En 1795 John Jay, secretario de Asuntos Exteriores, trató de alcanzar un acuerdo comercial con Madrid. En ese momento, nosotros estábamos jugando una carta muy sucia, tratando de convencer a los nuevos colonos del Oeste de que se escindiesen de los EEUU, ofreciéndoles a cambio el uso del Mississippi y de Nueva Orleans. Jay, de hecho, no le hacía ascos a la idea: él era un yuppi de Nueva York, y a él los sucios y medio salvajes colonos occidentales no le parecían de su misma ralea. Animado con estas ideas, Jay aceptó pactar con los españoles condiciones comerciales privilegiadas para los barcos americanos en todos los puertos españoles, a cambio de renunciar a toda reclamación sobre el Mississippi en 25 años. Los Estados del noreste, o sea Nueva York y satélites, contemplaron dicho acuerdo con delicia: excelentes perspectivas para sus intereses comerciales a cambio de ceder sobre la navegabilidad de un puto río que estaba donde Cristo perdió la tarjeta del Carrefour de Pablo Iglesias.
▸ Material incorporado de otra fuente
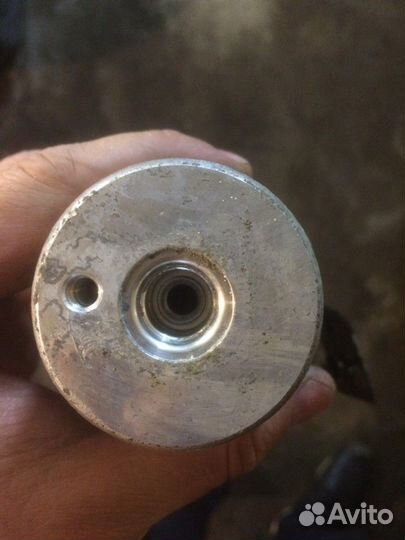 Chevrolet Lacetty конденсатор кондиционера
Pero el Congreso, consciente de que el acuerdo era en beneficio de unos pocos, se negó a ratificarlo; con lo que se ganó la enemiga de los territorios posh.

El gobierno confederal, en todo caso, también tuvo que enfrentarse al peor enemigo de todo gobierno, que es siempre la crisis económica. Pero eso lo contaremos a la vuelta del puente.

3 comentarios:

  1. Cito: La aliteraciónesdrújula mola, si no te pasas". Comoe te lo pasas, JuandeJuan...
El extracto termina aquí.